NATUURLEXICON


Doodshoofdvlinder

Acherontia atropos



De Doodshoofdvlinder Acherontia atropos is een pijlstaartvlinder met een spanwijdte van 8 tot 12 cm en daarmee één van de grootste vlinders van Europa. Zijn lichaam meet tot 6 cm.

De soort dankt zijn naam de doodshoofdtekening op het zwarte borststuk. De voorvleugels zijn zwart gekleurd; de achtervleugels hebben twee zwarte banden. Het achterlijf is geel met zwarte bandjes en een blauwe middenstreep.

Het is een soort uit Afrika die in kleine aantallen richten Midden- en Noord-Europa trekken. In onze streken plant hij zich niet met succes voort. De vrouwtjes blijven namelijk steriel. Het is geen bloembezoeker, maar hij neemt voedingsstoffen op uit rijp fruit. Soms snoept deze vlinder honing uit nesten van de Honingbij Apis mellifera, waarvan de wachterbijen de vlinders dan vaak met hun steken doden. De vlinder steekt met de zuigsnuit raatcellen aan om honing te zuigen. De vlinder kan bij gevaar tjirpende geluiden maken.  

De vlinder houdt de vleugels bovenop het lichaam gevouwen.  

Het vrouwtje legt eitjes op Boksdoorn Lycium barbarum, Bitterzoet Solanum dulcamara, Wilde Liguster Ligustrum vulgare en op cultuurgrond en tuinen ook op Aardappel Solanum tuberosum, Tomaat Solanum lycopersicum, Gewone Sering Syringa vulgaris en Kool Brassica oleracea.

De rups kan wel 10 cm lang zijn.
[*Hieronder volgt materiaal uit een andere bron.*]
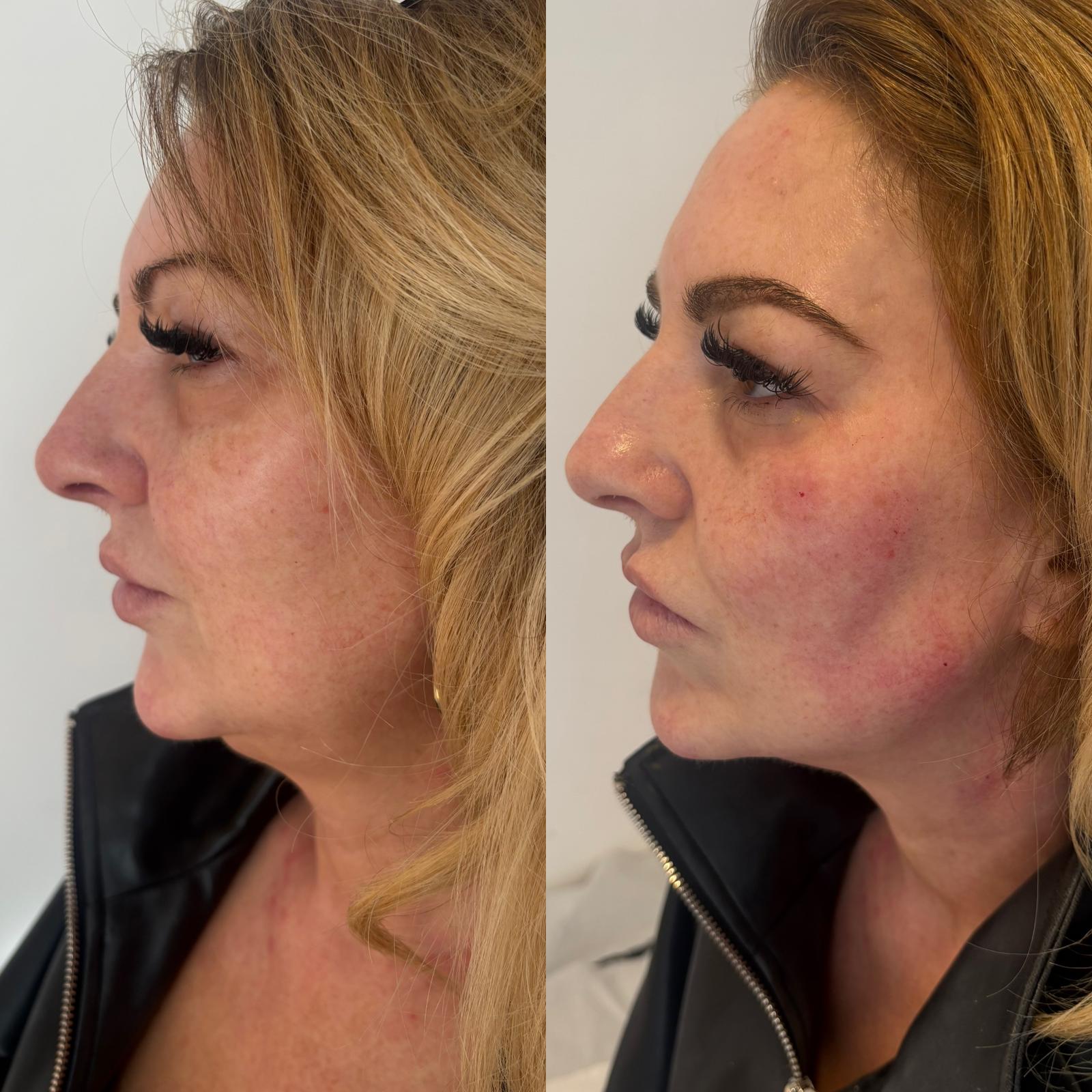 Jawline & Jowls — before and after Endolift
Ze is groengeel, heeft blauwe dwarsstrepen en draagt een S-vormig aanhangsel aan het achterlijf. Ze maakt een klikkend geluid.

De verpopping vindt plaats in de herfst. De rups kruipt dan de grond in, spint een stevige cocon en verpopt daarin. Bij ons overleven de rupsen de winter (nog) niet. Enkel de herfstgeneratie kan inheems zijn, doordat de vrouwtjes onvruchtbaar en de poppen niet vorstbestendig zijn.

De vlinder en de rups zijn onschadelijk.